Cargill hopes that reducing this supply chain uncertainty with risk management solutions like having professional buyers and crop analysts present locally will secure more predictable end pricing and encourage manufacturer confidence in the ingredient.
“The supply and demand is very, very tight [making it] difficult to get the raw material, putting a very high pressure on the price and driving the price to sky rocket in some cases,” Bohin explained.
Changing location and species, keeping functionality
As a result the company has diversified to different seaweed species beyond wild red seaweeds and varied also the locations from which the commodity is sourced.
Bohin said Cargill has invested in farms all over the world in Asia, Africa as well as other locations the company refrained from specifying due to the competitive advantage they provide.
Cultivated seaweeds are grown in warm seas, while wild seaweeds are grown in cold sea temperatures like Chile. This geographical and species variation means that if something goes wrong with one source Cargill will still be able to maintain supply from elsewhere.
“Cultivated seaweeds are actually not the same species and the functionality you get out of the raw material is pretty unique.
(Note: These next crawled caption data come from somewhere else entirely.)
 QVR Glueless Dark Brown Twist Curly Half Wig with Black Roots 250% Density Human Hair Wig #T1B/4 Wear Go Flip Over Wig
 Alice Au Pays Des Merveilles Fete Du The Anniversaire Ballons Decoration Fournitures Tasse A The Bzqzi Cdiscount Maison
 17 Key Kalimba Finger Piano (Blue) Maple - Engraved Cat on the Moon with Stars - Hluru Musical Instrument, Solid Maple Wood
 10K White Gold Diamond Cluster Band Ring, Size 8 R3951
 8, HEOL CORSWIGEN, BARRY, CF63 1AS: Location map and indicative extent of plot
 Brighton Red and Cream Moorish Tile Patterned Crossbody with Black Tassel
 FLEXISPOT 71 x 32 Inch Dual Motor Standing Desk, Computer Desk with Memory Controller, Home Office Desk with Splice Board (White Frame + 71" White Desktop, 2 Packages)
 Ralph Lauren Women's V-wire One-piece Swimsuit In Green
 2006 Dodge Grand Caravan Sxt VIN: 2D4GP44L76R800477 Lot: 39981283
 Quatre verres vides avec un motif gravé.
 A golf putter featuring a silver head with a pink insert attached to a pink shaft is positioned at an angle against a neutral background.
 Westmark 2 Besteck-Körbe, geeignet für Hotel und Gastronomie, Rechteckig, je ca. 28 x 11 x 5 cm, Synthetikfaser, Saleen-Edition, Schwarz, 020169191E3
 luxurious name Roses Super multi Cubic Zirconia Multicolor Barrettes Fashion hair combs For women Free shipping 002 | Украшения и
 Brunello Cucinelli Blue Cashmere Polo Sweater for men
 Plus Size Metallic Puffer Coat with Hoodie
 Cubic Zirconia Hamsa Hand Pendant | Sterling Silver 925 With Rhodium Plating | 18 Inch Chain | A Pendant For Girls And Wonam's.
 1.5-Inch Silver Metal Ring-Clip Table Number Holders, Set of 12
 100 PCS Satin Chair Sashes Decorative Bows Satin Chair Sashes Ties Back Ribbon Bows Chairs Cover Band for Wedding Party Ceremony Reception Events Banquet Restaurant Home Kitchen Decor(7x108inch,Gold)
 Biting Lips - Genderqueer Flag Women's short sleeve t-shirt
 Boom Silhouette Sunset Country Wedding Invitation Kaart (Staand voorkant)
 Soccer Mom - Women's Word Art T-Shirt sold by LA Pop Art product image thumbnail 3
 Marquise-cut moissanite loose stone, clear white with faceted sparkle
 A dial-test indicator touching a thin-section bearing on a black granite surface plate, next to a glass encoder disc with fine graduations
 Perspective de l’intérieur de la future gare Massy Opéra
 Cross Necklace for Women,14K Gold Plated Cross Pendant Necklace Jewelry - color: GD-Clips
So what we’ve done is worked on expanding on our knowledge of the raw material – full cultivated seaweed – and with improved and adjusted processes we were able to develop a range of products that are less dependent, or not dependant at all, on these types of [wild] seaweed,” said Bohin.
“We have adjusted the processes and recipes in a way that we can match the texture of the finished product with those kinds of raw materials,” he explained.
New, cultivated range
The Satiagel range includes several different products designed for use in hot and cold filled creamy and demouldable desserts, dairy beverages and to enable quicker gelation and faster demoulding within the confectionery market.
"This is a product that allows you to have a very wide spectrum of textures but also to be coated by chocolate, for example, which is something which is very much requested in some parts of the world, in emerging regions, etc," Bohin said.